ECLI:NL:RBDHA:2025:7057

Rechtbank Den Haag

Datum uitspraak
24 april 2025
Publicatiedatum
28 april 2025
Zaaknummer
NL25.7405
Instantie
Rechtbank Den Haag
Type
Uitspraak
Procedures
  • Voorlopige voorziening
Rechters
Vindplaatsen
  • Rechtspraak.nl
AI samenvatting door LexboostAutomatisch gegenereerd

Afwijzing verzoek om voorlopige voorziening in asielzaak na afwijzing verblijfsvergunning

In deze zaak heeft de verzoeker, vertegenwoordigd door mr. W.A. Berghuis, een aanvraag ingediend voor een verblijfsvergunning asiel voor bepaalde tijd. De Minister van Asiel en Migratie, vertegenwoordigd door mr. K. Kanters, heeft deze aanvraag op 14 februari 2025 afgewezen, met het argument dat deze kennelijk ongegrond was. Hierop heeft de verzoeker beroep ingesteld en verzocht om een voorlopige voorziening. De voorzieningenrechter heeft het verzoek op 8 april 2025 behandeld, samen met de behandeling van het beroep in een andere zaak (NL25.7404). Tijdens deze zitting waren zowel de gemachtigde van de verzoeker als de gemachtigde van de minister aanwezig.
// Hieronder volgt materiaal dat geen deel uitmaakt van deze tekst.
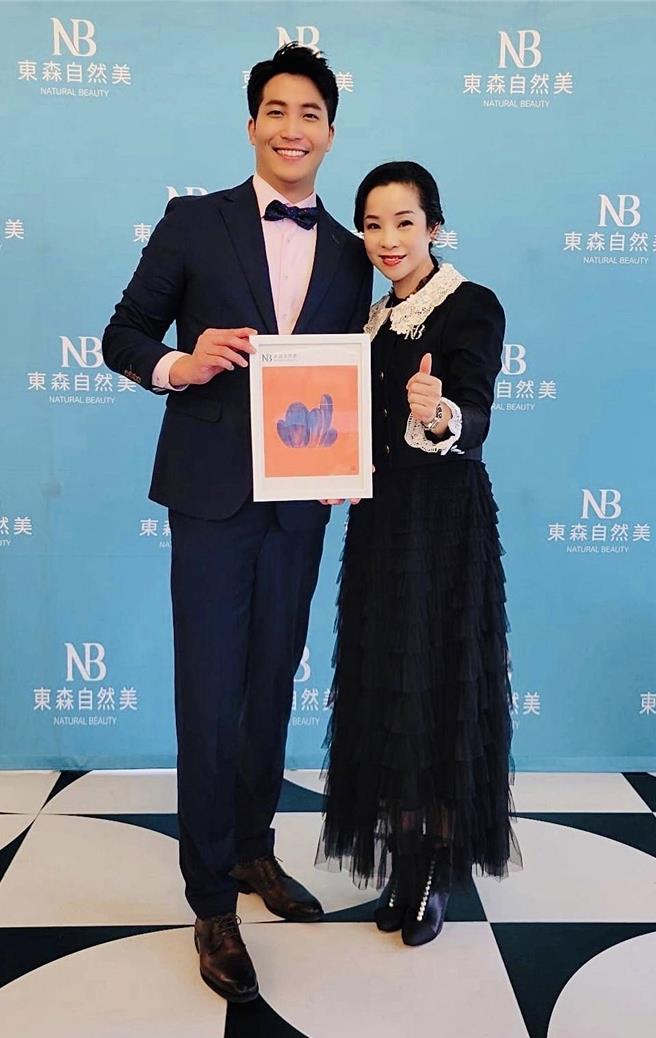 东森自然美副总罗少庭（右）讚吴翔震的「福山美致」画作充满正能量。（经纪人提供）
De voorzieningenrechter heeft op 24 april 2025 uitspraak gedaan in de zaak NL25.7404, waarbij het beroep van de verzoeker is behandeld. Aangezien er inmiddels een uitspraak is gedaan op het beroep, is er geen noodzaak meer voor een voorlopige voorziening. De voorzieningenrechter heeft daarom het verzoek om voorlopige voorziening afgewezen. Tevens is er geen aanleiding voor een proceskostenveroordeling. De uitspraak is gedaan door mr. G.P. Loman, in aanwezigheid van mr. B.J. van Rossum, griffier, en is openbaar gemaakt op dezelfde dag. Tegen deze uitspraak staat geen hoger beroep of verzet open.

Uitspraak

uitspraak

RECHTBANK DEN HAAG

Zittingsplaats Utrecht
Bestuursrecht
zaaknummer: NL25.7405
uitspraak van de voorzieningenrechter in de zaak tussen
[verzoeker], V-nummer: [V-nummer] , verzoeker
(gemachtigde: mr. W.A. Berghuis),
en

de Minister van Asiel en Migratie, verweerder

(gemachtigde: mr. K. Kanters).

Procesverloop

Verzoeker heeft een aanvraag ingediend tot het verlenen van een verblijfsvergunning asiel voor bepaalde tijd. De minister heeft met het bestreden besluit van 14 februari 2025 deze aanvraag in de algemene procedure afgewezen als kennelijk ongegrond. Verzoeker heeft hiertegen beroep ingesteld en de voorzieningenrechter gevraagd om een voorlopige voorziening te treffen.
De voorzieningenrechter heeft het verzoek, samen met de behandeling van het beroep in de zaak NL25.7404, op 8 april 2025 op zitting behandeld. Hieraan hebben deelgenomen: de gemachtigde van verzoeker en de gemachtigde van de minister.

Beoordeling door de voorzieningenrechter

3. Bij uitspraak van vandaag, zaaknummer NL25.7404, heeft de rechtbank uitspraak gedaan op het beroep. Een voorlopige voorziening is daarom niet meer nodig. De voorzieningenrechter wijst het verzoek om die reden af.
4. Voor een proceskostenveroordeling bestaat geen aanleiding.

Beslissing

De voorzieningenrechter wijst het verzoek om voorlopige voorziening af.
Deze uitspraak is gedaan door mr. G.P. Loman, voorzieningenrechter, in aanwezigheid van mr. B.J. van Rossum, griffier.
Uitgesproken in het openbaar en bekendgemaakt op:
24 april 2025

Tegen deze uitspraak staat geen hoger beroep of verzet open.